### Recorded data

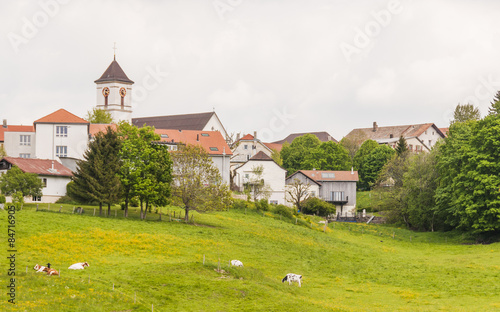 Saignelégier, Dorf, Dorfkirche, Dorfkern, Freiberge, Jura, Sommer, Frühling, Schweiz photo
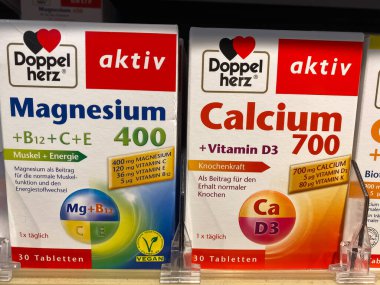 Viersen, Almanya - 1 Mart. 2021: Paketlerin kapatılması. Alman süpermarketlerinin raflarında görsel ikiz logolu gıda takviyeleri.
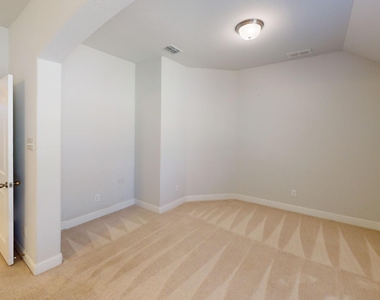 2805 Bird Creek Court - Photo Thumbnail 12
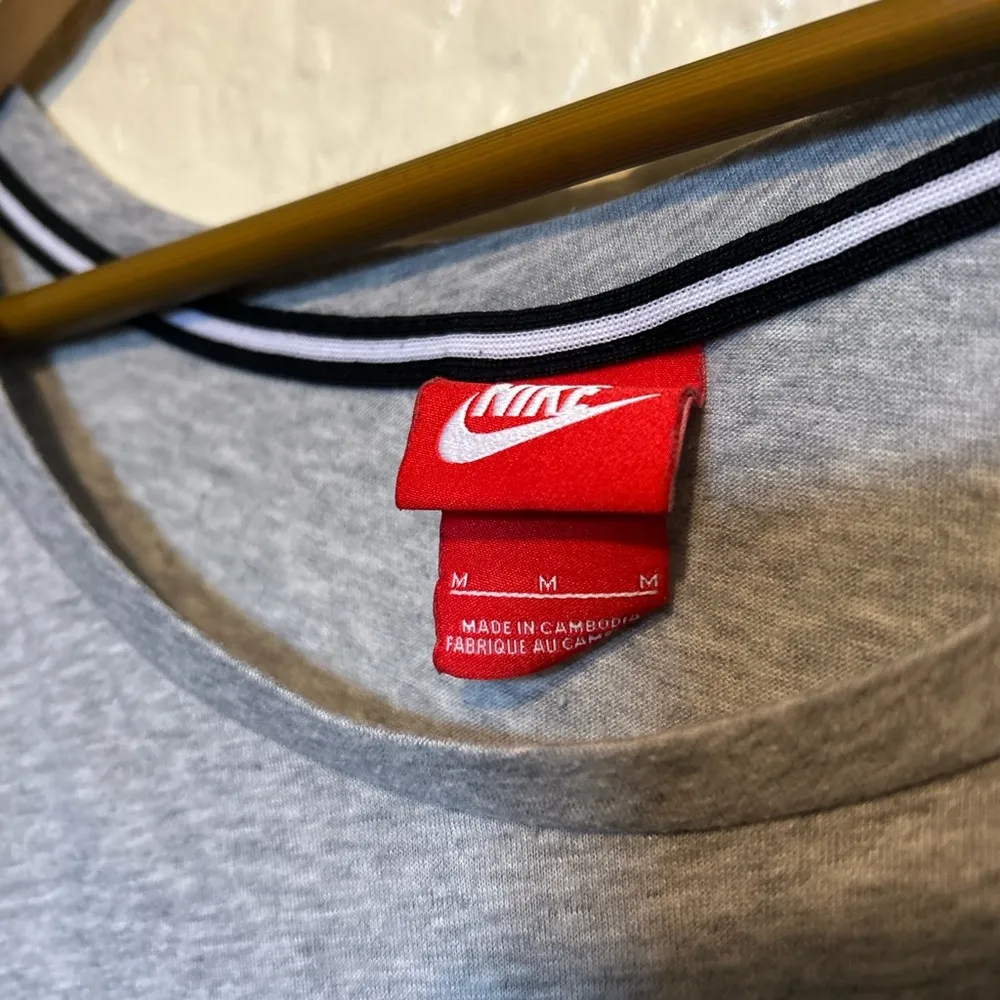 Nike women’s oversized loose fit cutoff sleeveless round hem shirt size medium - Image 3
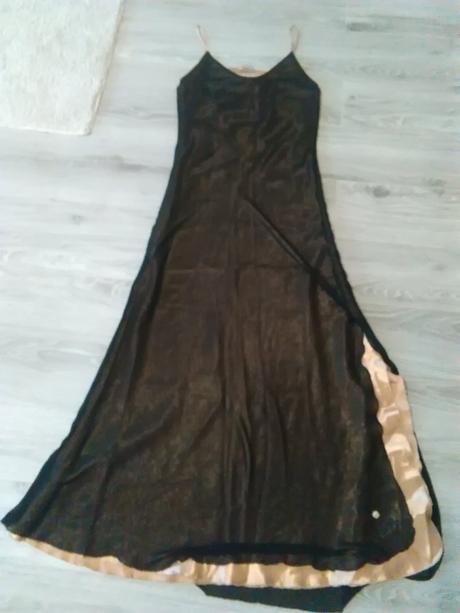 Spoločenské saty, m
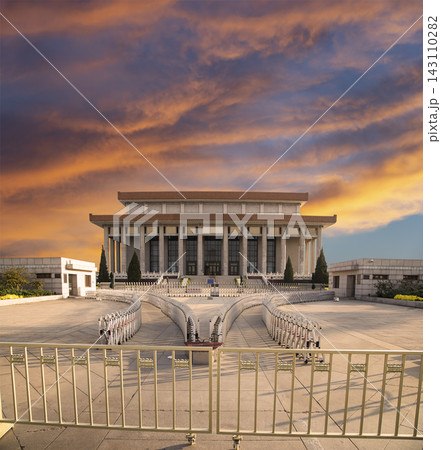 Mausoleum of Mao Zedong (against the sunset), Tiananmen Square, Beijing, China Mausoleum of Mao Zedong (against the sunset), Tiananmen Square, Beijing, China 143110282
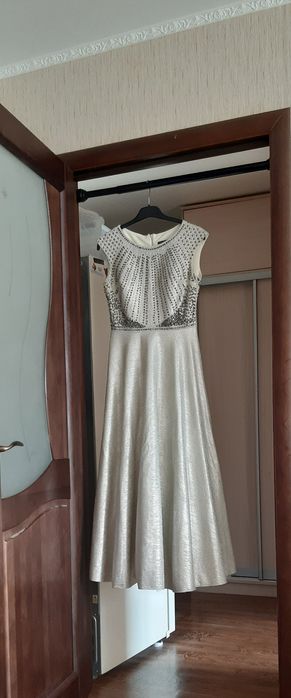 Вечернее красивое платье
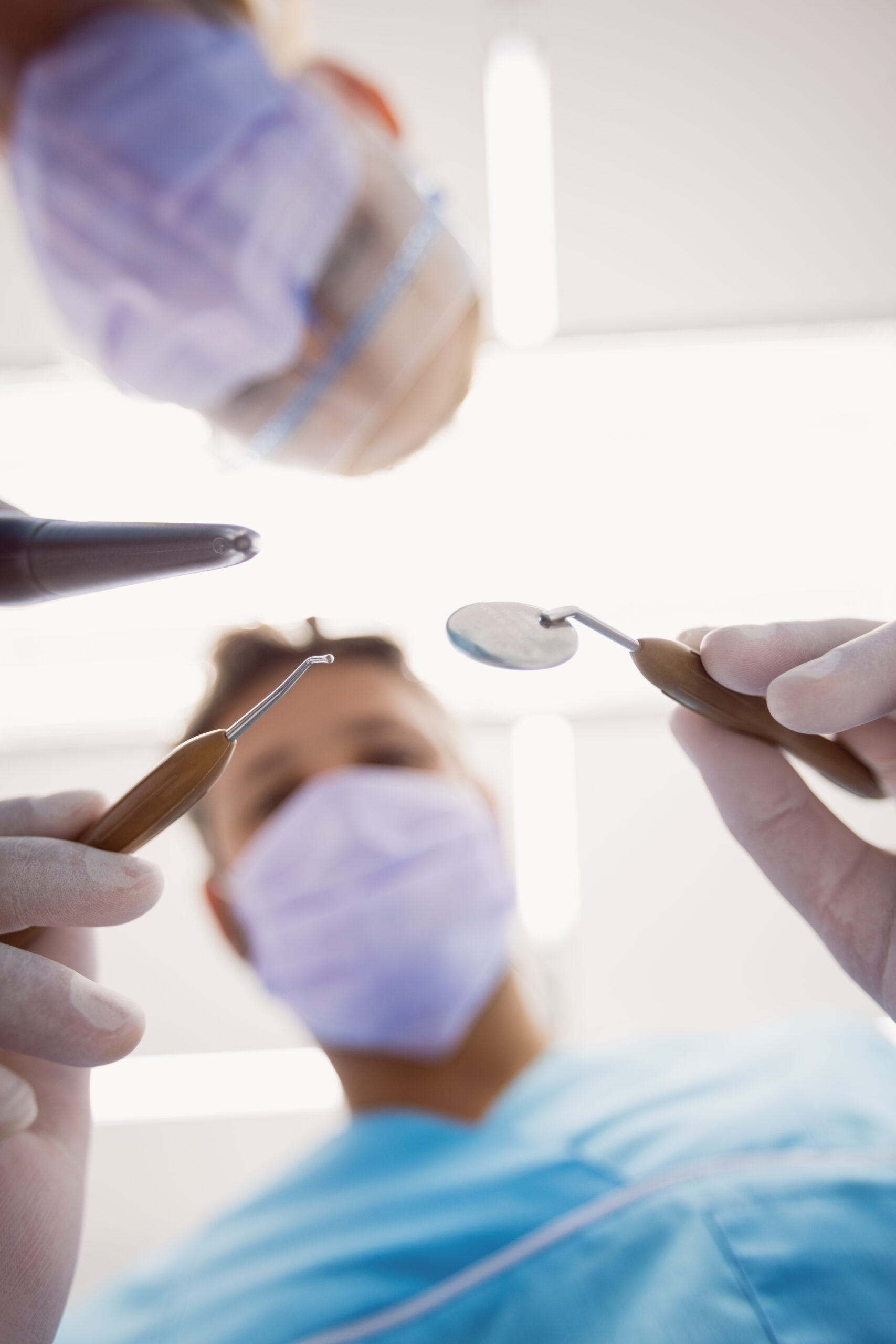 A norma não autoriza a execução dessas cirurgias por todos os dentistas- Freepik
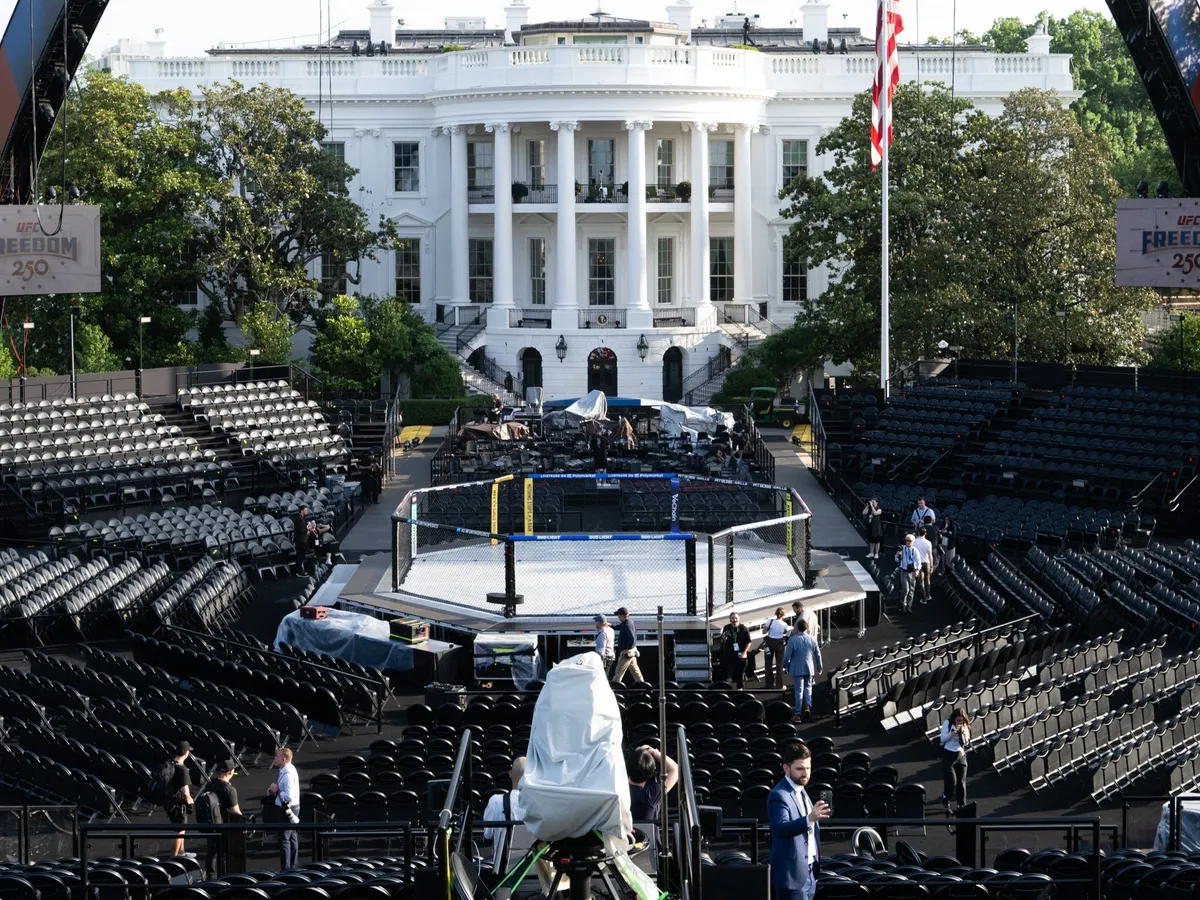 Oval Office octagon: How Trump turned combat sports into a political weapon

######

## Task prompt
Set down, in exact form, only the lines that start at the one containing "Beijing, China 143110282" and finish at the last line of the material; pictures do not go in.

## Response to this task
 Mausoleum of Mao Zedong (against the sunset), Tiananmen Square, Beijing, China Mausoleum of Mao Zedong (against the sunset), Tiananmen Square, Beijing, China 143110282
 Вечернее красивое платье
 A norma não autoriza a execução dessas cirurgias por todos os dentistas- Freepik
 Oval Office octagon: How Trump turned combat sports into a political weapon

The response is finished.